According to a report released Tuesday by the U.S. Energy Information Administration (EIA), gross U.S. crude exports to Nigeria reached 111,000 barrels per day (b/d) in February and 169,000 b/d in March. Over the same period, U.S. imports of Nigerian crude—typically higher—dropped significantly, falling from 133,000 b/d in January to 54,000 b/d in February and 72,000 b/d in March.
This marks the first time the U.S. has exported more crude oil to Nigeria than it imported—an unusual reversal, given Nigeria’s long-standing role as a key supplier of light, sweet crude to the U.S.

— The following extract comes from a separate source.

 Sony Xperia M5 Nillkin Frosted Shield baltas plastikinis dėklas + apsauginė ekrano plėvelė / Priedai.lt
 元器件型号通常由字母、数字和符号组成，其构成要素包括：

The EIA attributed the decline in imports to ongoing maintenance at the Phillips 66 Bayway refinery in New Jersey, which reduced crude demand on the U.S. East Coast during the period. Meanwhile, Nigeria’s increased purchases of U.S. crude were partly driven by feedstock requirements at the newly operational Dangote Refinery, one of Africa’s largest.
However, the trend shifted again in April, with U.S. imports of Nigerian crude rebounding as the Bayway refinery resumed normal operations and the Dangote facility underwent unplanned maintenance.
“Nigeria was among the top five sources of U.S. crude oil imports from 1973—when country-level data collection began—until 2011, when rising U.S. domestic production reduced the need for light, sweet crude from overseas,” the EIA noted. “More recently, in 2024, Nigeria ranked ninth among U.S. crude oil import sources.”
The shift highlights changing dynamics in global oil trade, with evolving refinery needs, production levels, and geopolitical considerations continuing to shape trade flows.